## Input:
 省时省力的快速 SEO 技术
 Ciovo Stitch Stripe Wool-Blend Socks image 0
==
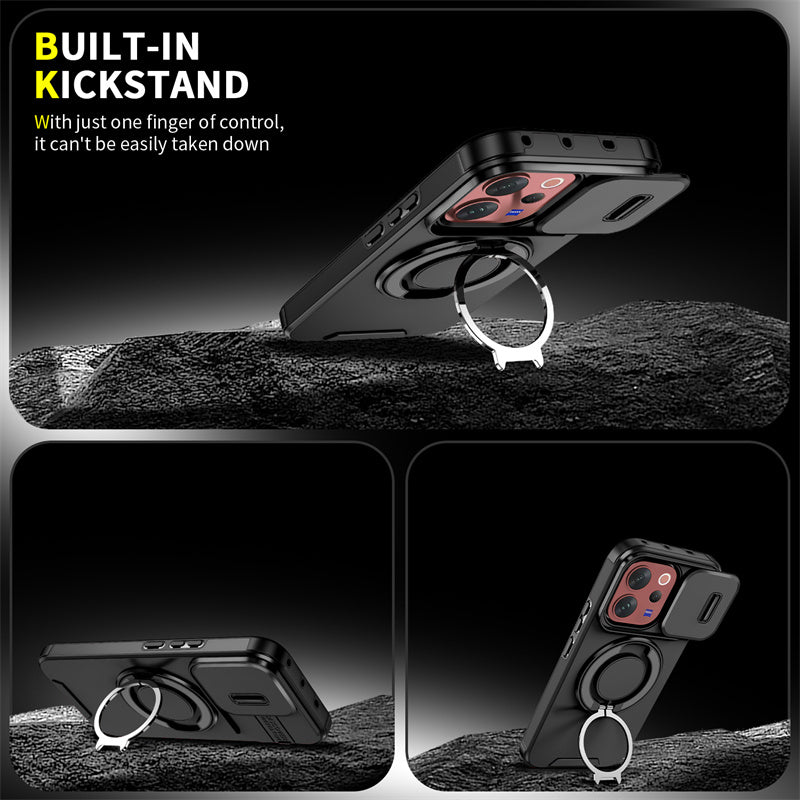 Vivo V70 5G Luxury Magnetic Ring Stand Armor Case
* * *
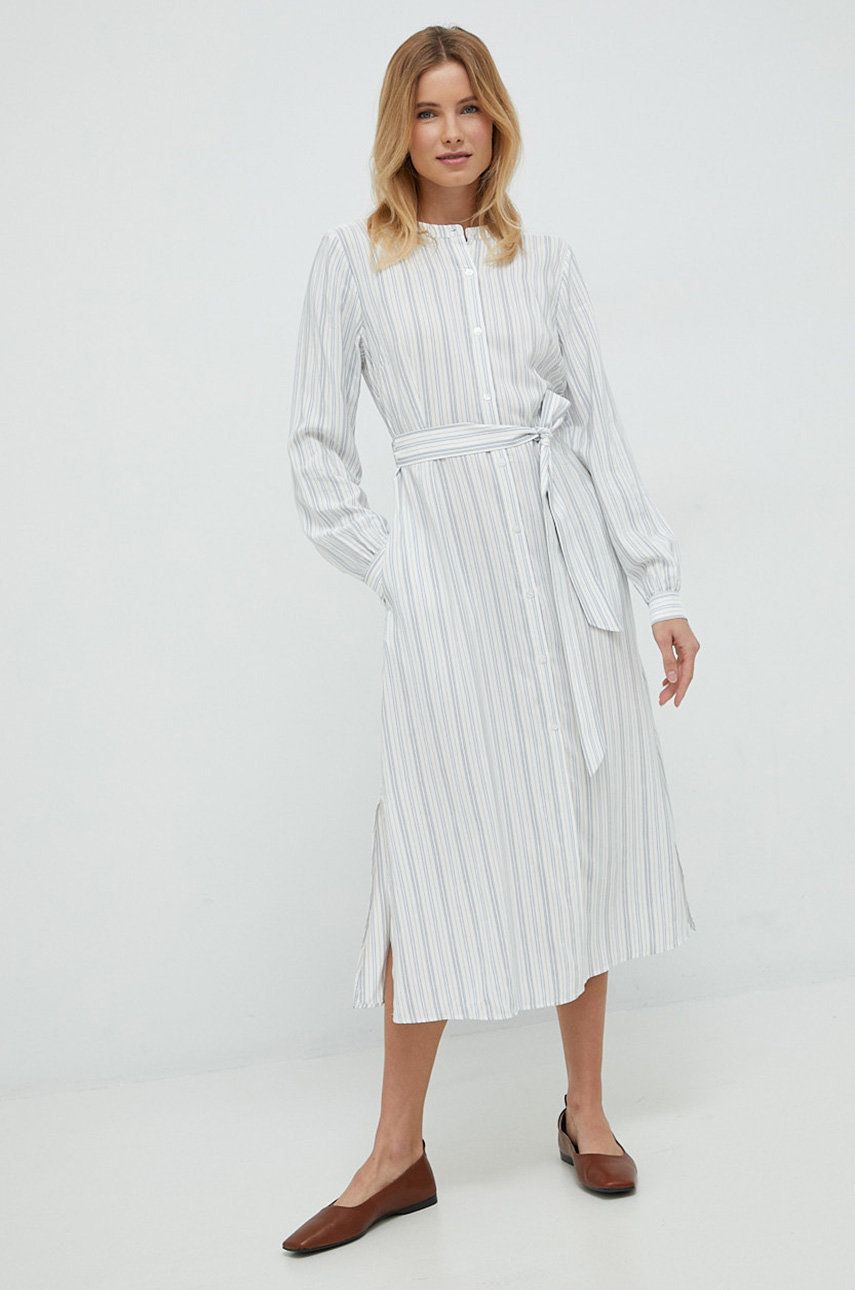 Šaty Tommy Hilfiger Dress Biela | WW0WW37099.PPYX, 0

## Work instructions:
Using the data above, reproduce exactly the lines between those holding "省时省力的快速 SEO 技术" and "Ciovo Stitch Stripe Wool-Blend Socks image 0", inclusive, and no others.

## Task result:
 省时省力的快速 SEO 技术
 Ciovo Stitch Stripe Wool-Blend Socks image 0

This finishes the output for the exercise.